Soluzione: ridurre liquidi o aumentare leggermente la farina.
Sapore troppo marcato nei prodotti scuri
Causa: varietà brune più aromatiche.
Soluzione: miscelare con farine più neutre.
Sostenibilità e filiera
Il teff è una coltura resiliente alla siccità, con bassi fabbisogni idrici.
La sua produzione può sostenere economie agricole locali, specialmente in Etiopia ed Eritrea.
Impatto ambientale relativamente contenuto rispetto ad altre colture cerealicole.
Interesse crescente come coltura alternativa in Europa e Nord America.
Principali funzioni INCI (cosmesi)
(Per ingredienti cosmetici derivati dal teff, es. Eragrostis Tef Seed Extract, Eragrostis Tef Seed Powder)
Assorbente
Addensante
Esfoliante delicato (nelle forme in polvere)
Condizionante della pelle
Supporto strutturale in formulazioni di prodotti naturali
Conclusione
Il teff è un cereale antico, nutriente e versatile, capace di fornire fibre, proteine e minerali in una forma naturalmente priva di glutine. La sua farina, dal sapore piacevolmente aromatico, si presta alla preparazione di pane, dolci e piatti salati, sia nelle cucine tradizionali sia nelle moderne diete gluten-free. Le sue caratteristiche nutrizionali, unite alla buona sostenibilità agricola, lo rendono un ingrediente di crescente interesse per consumatori, nutrizionisti e industria alimentare. Anche in cosmetica alcune frazioni del seme trovano utilizzo grazie alla capacità assorbente e alla delicatezza delle particelle.
Studi
Valore nutrizionale. Il teff è una fonte eccellente di proteine, fibre, calcio, ferro e magnesio (1), oltre a contenere una serie di altri minerali e vitamine essenziali. Grazie alla sua dimensione estremamente piccola, il teff è facile da digerire, rendendolo una buona scelta alimentare per persone con sensibilità digestive o malattie intestinali, inoltre cuoce rapidamente rispetto ad altri cereali integrali, facilitando la preparazione di pasti nutrienti quando si ha poco tempo.

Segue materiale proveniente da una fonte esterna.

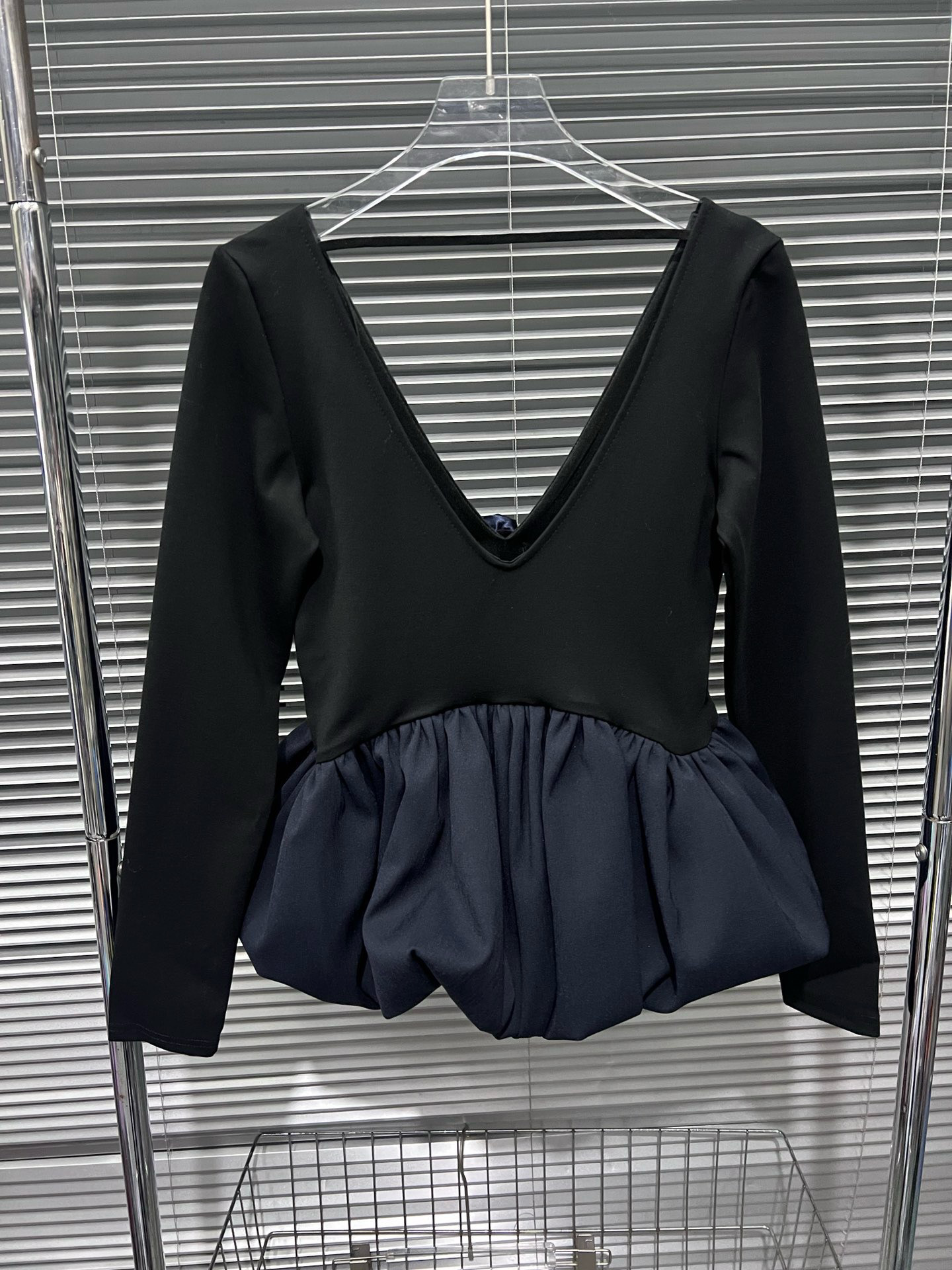 ZA2025年春季新品女装花朵装饰蓬蓬下摆上衣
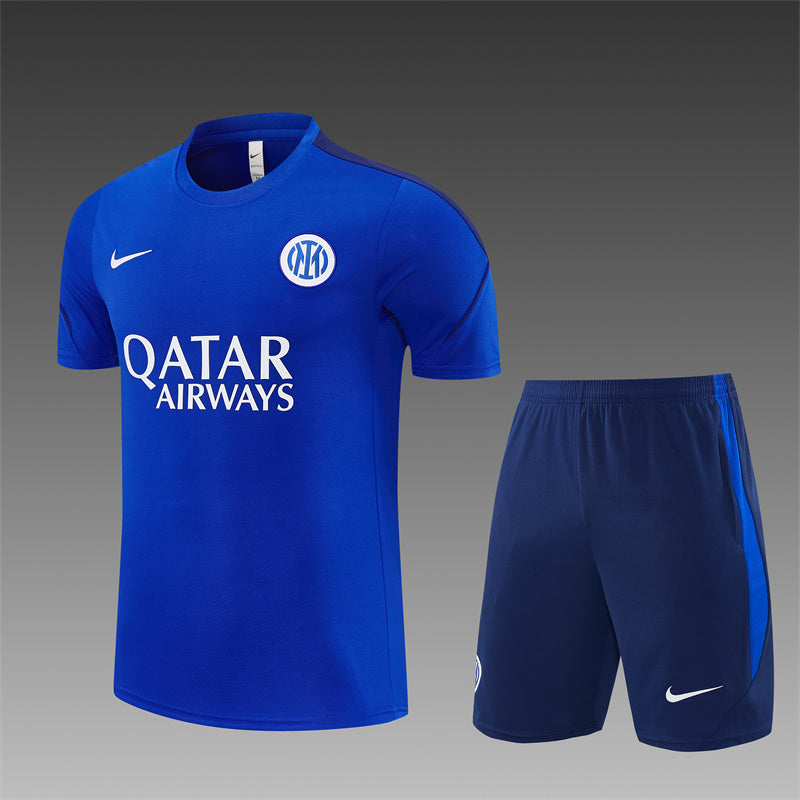 Blue Inter training T-shirt and shorts set, crew neck and Nike swoosh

Il suo consumo è in aumento sia per il prezzo inferiore a quello di altri cereali che per la sua composizione che comprende una vasta gamma di sostanze nutritive: polifenoli, flavonoidi e vari minerali tra i quali ferro e zinco (2).
Può essere utilizzato per produrre una varietà di alimenti, tra cui il tradizionale injera etiope, pane senza lievito, cereali per la colazione, dolci, e come addensante per zuppe e stufati.
Senza glutine. Essendo naturalmente privo di glutine, il teff è una scelta ideale per chi segue una dieta senza glutine.
Resistente alla siccità. Il teff è estremamente resistente alla siccità, rendendolo una coltura sostenibile che può crescere in ambienti aridi e contribuire alla sicurezza alimentare.
Mini-glossario
SFA – Saturated fatty acids: acidi grassi saturi; da limitare in eccesso per impatto sul colesterolo LDL.
MUFA – Monounsaturated fatty acids: acidi grassi monoinsaturi; positivi sul piano cardiometabolico quando sostituiscono i saturi.
PUFA – Polyunsaturated fatty acids: acidi grassi polinsaturi; includono omega-3 e omega-6, importanti per infiammazione e salute cardiovascolare.